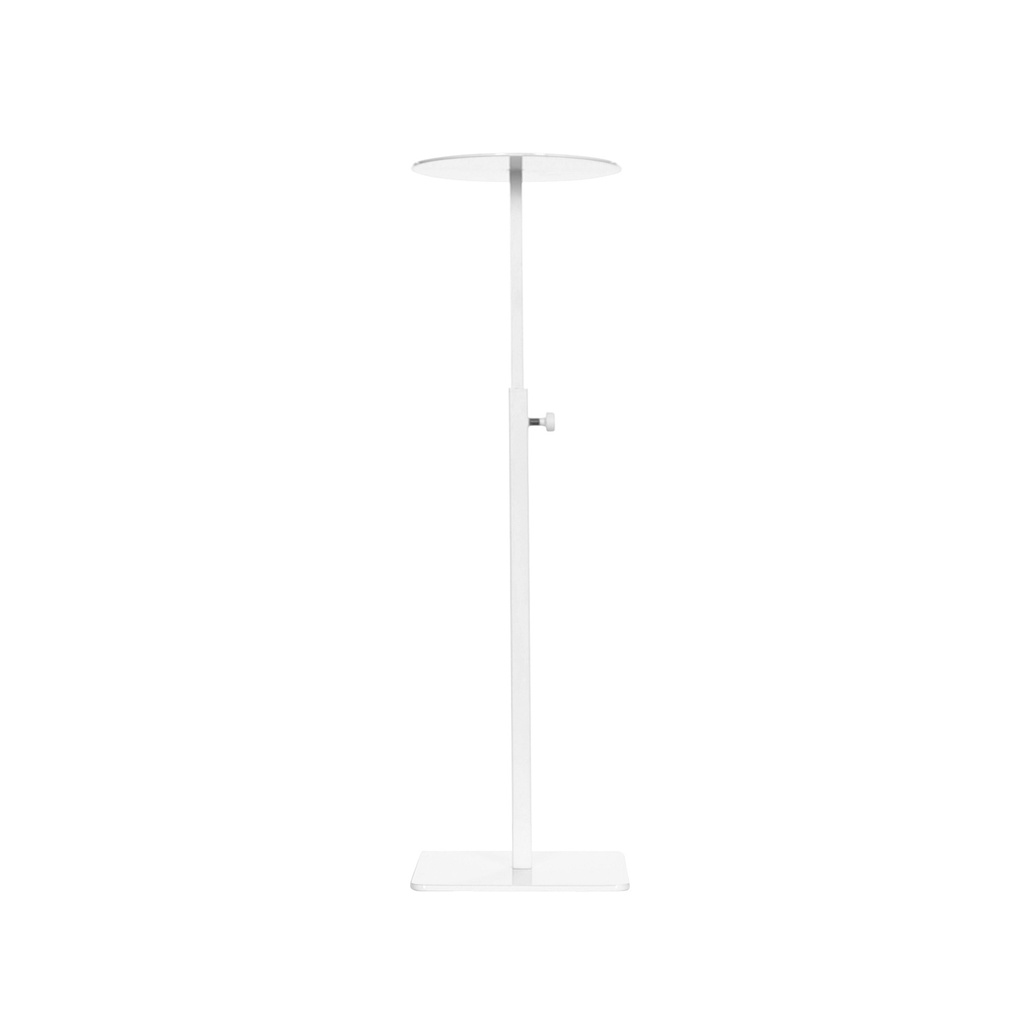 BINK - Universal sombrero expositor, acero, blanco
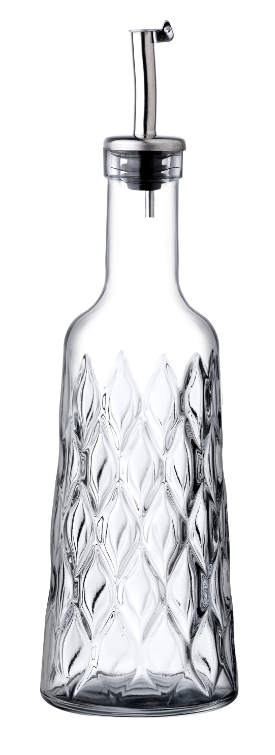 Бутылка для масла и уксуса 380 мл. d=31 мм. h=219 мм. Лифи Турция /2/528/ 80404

...

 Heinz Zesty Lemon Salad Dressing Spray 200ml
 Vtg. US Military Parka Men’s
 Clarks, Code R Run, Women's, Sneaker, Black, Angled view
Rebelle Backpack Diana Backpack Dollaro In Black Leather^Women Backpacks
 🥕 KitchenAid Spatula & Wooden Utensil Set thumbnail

==

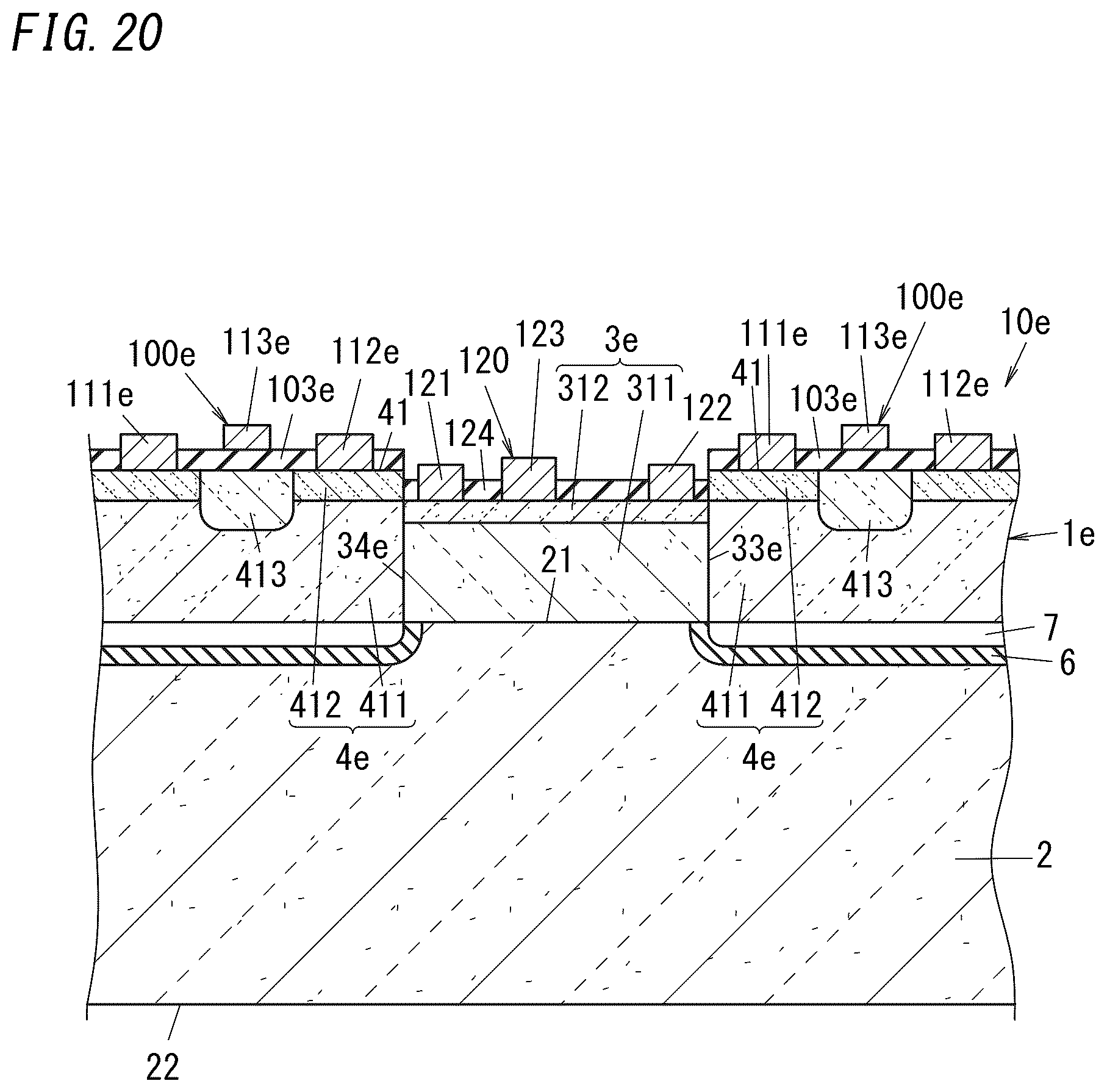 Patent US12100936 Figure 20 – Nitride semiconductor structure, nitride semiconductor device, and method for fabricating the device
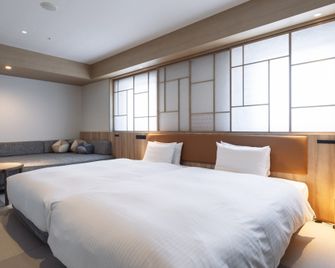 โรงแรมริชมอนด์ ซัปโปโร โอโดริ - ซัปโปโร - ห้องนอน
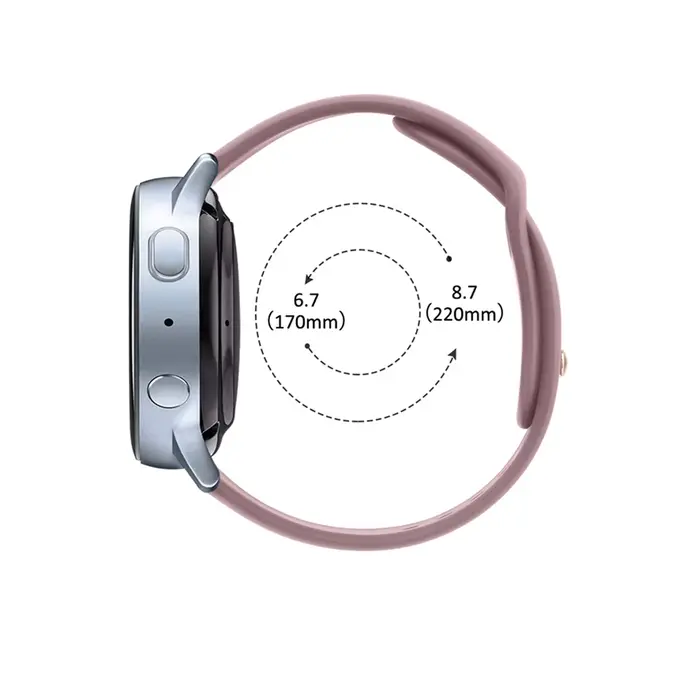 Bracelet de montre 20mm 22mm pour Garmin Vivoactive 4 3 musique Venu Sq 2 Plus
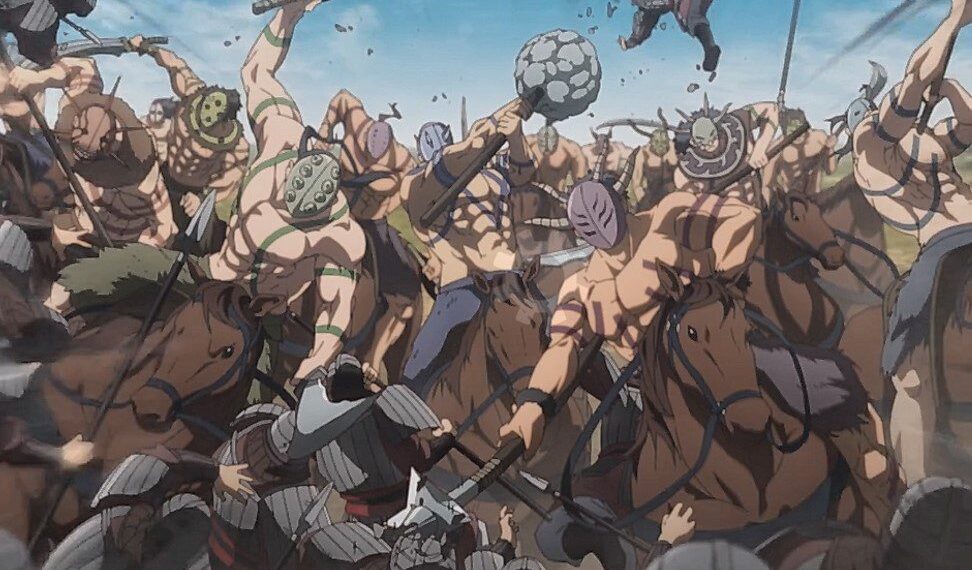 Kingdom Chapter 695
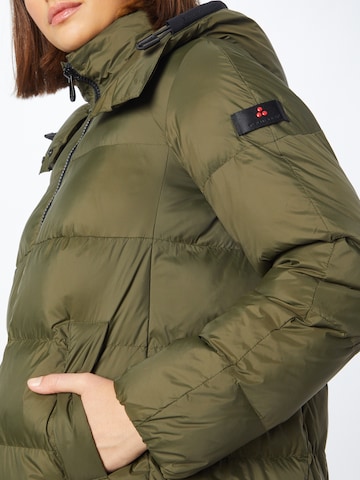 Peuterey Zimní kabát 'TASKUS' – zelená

• **Task to carry out**:
Reproducing the whole listing above is not the task. Copy exactly only the lines from the one with "Rebelle Backpack Diana" to the one with "Utensil Set thumbnail", both kept.

• **Output of the exercise**:
Rebelle Backpack Diana Backpack Dollaro In Black Leather^Women Backpacks
 🥕 KitchenAid Spatula & Wooden Utensil Set thumbnail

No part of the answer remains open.